En conséquence, le jugement entrepris sera confirmé en ce qu'il a rejeté la demande de la société Vedreine au titre des avaries et pertes.

Sur la demande de dommages et intérêts pour résistance abusive

La société Lhéritier ne justifie d'aucun préjudice indépendant du retard de la société Vedreine à exécuter son obligation de paiement déjà réparé par l'allocation d'intérêts moratoires.

Le jugement entrepris sera confirmé en ce qu'il a rejeté la demande de dommages et intérêts pour résistance abusive.

Sur la demande de dommages et intérêts pour procédure abusive

Il résulte de ce qui précède qu'aucun abus de procédure n'est caractérisé à l'encontre de la société Lhéritier.

Le jugement entrepris sera confirmé en ce qu'il a rejeté la demande de dommages et intérêts pour procédure abusive.

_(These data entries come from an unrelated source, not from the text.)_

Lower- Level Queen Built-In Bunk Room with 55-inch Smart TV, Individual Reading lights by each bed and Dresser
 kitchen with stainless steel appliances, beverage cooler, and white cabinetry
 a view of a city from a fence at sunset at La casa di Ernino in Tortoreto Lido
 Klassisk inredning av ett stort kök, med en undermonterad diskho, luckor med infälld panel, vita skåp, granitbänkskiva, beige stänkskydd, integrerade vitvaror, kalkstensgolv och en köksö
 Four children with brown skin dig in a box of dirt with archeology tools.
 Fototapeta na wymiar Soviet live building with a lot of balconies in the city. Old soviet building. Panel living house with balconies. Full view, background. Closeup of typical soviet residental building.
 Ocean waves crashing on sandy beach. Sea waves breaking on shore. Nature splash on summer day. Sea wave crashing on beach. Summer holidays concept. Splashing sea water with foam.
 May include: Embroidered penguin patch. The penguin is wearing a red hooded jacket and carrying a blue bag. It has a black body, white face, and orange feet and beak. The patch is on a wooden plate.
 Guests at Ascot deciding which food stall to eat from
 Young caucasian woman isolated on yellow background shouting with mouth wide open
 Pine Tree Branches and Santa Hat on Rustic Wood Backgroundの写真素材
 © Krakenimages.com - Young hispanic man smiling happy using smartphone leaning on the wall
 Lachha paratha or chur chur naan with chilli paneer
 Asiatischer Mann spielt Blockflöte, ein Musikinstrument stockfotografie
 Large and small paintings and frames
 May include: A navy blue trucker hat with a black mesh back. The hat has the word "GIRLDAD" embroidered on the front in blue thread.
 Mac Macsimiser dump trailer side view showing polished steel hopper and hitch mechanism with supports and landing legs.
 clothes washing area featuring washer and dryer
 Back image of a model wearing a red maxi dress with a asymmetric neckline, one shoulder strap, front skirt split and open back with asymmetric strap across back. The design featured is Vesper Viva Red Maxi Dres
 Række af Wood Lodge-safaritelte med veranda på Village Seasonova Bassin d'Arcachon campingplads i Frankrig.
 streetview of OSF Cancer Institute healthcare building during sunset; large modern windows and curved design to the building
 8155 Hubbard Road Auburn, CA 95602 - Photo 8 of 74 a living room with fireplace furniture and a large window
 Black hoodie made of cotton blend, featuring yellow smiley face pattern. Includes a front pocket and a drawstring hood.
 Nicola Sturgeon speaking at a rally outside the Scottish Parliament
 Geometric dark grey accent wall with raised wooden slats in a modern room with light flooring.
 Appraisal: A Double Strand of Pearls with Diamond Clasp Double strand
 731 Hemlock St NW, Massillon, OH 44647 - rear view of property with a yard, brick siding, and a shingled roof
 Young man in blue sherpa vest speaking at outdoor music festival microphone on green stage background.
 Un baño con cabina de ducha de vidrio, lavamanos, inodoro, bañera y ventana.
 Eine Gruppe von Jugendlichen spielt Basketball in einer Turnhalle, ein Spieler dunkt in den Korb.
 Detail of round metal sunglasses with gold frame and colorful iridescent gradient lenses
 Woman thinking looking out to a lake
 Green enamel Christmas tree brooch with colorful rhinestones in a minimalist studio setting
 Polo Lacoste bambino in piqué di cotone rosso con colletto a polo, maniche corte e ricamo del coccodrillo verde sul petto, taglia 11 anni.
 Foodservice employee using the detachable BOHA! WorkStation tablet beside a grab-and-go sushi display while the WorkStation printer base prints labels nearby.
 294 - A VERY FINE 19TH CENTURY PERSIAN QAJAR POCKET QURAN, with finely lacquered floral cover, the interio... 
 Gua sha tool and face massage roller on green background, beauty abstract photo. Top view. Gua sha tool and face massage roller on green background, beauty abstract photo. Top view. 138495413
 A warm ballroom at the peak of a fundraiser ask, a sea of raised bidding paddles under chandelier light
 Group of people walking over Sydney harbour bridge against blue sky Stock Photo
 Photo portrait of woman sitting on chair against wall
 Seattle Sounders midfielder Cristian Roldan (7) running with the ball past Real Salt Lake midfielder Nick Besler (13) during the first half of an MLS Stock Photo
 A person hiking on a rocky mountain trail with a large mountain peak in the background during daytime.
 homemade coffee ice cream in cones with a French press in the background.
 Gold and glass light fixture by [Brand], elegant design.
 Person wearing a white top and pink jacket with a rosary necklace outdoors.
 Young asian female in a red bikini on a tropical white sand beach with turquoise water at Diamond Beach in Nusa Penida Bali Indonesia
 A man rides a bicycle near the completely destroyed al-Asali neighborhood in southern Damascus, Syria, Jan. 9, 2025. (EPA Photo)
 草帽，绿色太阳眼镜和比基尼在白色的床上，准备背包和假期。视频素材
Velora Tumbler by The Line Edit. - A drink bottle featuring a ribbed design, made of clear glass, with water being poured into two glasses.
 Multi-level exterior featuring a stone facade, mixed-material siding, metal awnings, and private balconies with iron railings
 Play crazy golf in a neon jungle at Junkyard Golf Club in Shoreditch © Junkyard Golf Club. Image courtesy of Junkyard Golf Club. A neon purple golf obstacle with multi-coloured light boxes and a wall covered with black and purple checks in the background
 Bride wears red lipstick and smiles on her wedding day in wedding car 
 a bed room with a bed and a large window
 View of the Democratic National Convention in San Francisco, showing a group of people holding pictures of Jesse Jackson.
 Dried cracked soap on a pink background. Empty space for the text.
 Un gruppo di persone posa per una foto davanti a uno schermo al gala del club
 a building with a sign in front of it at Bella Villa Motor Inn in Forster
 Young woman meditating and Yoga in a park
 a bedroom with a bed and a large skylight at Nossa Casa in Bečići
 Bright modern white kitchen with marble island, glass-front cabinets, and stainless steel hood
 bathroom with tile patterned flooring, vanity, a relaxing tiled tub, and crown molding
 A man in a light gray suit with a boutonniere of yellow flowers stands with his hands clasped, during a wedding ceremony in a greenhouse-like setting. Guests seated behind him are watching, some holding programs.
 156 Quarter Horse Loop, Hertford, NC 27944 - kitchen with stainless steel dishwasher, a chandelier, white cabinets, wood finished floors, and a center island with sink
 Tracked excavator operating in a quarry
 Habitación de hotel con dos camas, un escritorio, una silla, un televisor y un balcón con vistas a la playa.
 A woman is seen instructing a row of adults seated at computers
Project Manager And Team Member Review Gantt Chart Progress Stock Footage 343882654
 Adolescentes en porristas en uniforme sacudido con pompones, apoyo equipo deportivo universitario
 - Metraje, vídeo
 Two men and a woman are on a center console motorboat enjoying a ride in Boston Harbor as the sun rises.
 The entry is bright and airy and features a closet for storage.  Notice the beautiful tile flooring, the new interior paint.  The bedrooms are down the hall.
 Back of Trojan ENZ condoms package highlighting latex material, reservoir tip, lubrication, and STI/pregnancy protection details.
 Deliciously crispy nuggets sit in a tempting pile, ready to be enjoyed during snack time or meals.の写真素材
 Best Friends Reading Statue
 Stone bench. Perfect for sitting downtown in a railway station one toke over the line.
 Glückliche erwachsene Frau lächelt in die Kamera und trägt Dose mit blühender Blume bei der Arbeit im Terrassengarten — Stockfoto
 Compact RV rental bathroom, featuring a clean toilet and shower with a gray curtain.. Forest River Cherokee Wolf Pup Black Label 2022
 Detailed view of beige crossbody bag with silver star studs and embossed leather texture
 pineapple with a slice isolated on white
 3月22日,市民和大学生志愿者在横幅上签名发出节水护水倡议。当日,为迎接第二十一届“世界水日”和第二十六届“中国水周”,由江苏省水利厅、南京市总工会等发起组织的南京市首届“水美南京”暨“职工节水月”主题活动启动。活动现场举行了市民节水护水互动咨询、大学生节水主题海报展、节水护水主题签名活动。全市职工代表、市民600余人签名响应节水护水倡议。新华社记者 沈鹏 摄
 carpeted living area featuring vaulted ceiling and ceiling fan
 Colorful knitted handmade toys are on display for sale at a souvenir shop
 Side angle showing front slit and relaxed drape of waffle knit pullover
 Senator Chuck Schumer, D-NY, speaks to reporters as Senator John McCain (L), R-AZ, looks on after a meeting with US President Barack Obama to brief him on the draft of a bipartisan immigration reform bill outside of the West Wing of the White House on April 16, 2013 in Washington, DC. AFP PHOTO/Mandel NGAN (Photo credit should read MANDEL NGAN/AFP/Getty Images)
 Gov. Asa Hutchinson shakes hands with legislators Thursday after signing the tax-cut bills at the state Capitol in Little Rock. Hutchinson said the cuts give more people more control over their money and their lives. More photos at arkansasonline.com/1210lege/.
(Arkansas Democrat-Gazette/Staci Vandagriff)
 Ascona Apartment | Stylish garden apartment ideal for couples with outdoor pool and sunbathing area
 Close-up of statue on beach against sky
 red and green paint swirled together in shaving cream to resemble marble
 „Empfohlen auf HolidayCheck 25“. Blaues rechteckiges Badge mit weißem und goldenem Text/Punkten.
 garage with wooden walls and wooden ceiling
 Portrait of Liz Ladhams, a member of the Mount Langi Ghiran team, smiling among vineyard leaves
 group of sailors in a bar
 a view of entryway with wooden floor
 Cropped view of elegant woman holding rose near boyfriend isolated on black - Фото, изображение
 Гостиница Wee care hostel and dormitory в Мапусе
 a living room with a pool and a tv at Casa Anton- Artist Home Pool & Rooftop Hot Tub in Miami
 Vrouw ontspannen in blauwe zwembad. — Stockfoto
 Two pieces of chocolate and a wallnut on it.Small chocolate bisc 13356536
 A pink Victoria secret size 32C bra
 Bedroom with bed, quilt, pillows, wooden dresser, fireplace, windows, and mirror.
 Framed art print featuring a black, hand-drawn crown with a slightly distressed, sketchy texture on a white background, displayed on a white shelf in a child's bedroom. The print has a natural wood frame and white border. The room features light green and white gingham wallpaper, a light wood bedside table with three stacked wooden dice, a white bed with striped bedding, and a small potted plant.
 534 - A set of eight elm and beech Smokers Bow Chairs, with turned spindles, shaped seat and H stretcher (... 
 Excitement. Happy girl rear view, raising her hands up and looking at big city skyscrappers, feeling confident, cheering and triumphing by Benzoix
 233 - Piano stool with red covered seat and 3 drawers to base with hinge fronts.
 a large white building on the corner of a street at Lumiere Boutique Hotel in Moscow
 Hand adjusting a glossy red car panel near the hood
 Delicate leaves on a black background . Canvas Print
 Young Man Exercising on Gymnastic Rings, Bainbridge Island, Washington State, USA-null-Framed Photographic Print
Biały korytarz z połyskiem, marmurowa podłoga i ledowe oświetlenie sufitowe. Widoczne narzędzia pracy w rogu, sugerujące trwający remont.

Sur les dépens et l'article 700 du code de procédure civile

La société Vedreine succombe à l'instance d'appel. Les dispositions du jugement entrepris relatives aux dépens et aux frais irrépétibles seront confirmées. La société Vedreine supportera les dépens d'appel. Elle sera condamnée à payer à la société Lhéritier une somme supplémentaire de 7.000 euros en application de l'article 700 du code de procédure civile. Sa demande sur ce point sera rejetée.

PAR CES MOTIFS,

La Cour,

Confirme le jugement entrepris ;

Y ajoutant,

Dit que la condamnation de la société Vedreine et Cie à payer à la société Lhéritier & Fils la somme de 29.127 euros à titre de dommages intérêts au titre de la non-exécution du préavis accordé portera intérêts au taux légal à compter du 25 mai 2021 ;

Dit que les intérêts seront capitalisés dans les conditions de l'article 1343-2 du code civil à compter du 25 mai 2022 ;

Dit que la condamnation de la société Vedreine et Cie à payer à la société Lhéritier & Fils la somme de de 8.359,15 euros au titre d'un solde de factures de transport dues portera intérêts au taux légal à compter du 29 novembre 2019 ;

Dit que les intérêts seront capitalisés dans les conditions de l'article 1343-2 du code civil à compter du 29 novembre 2020 ;

Condamne la société Vedreine et Cie à payer à la société Lhéritier & Fils la somme supplémentaire de 7.000 euros en application de l'article 700 du code de procédure civile ;

Rejette la demande de la société Vedreine et Cie de ce chef ;

Condamne la société Vedreine et Cie aux dépens d'appel.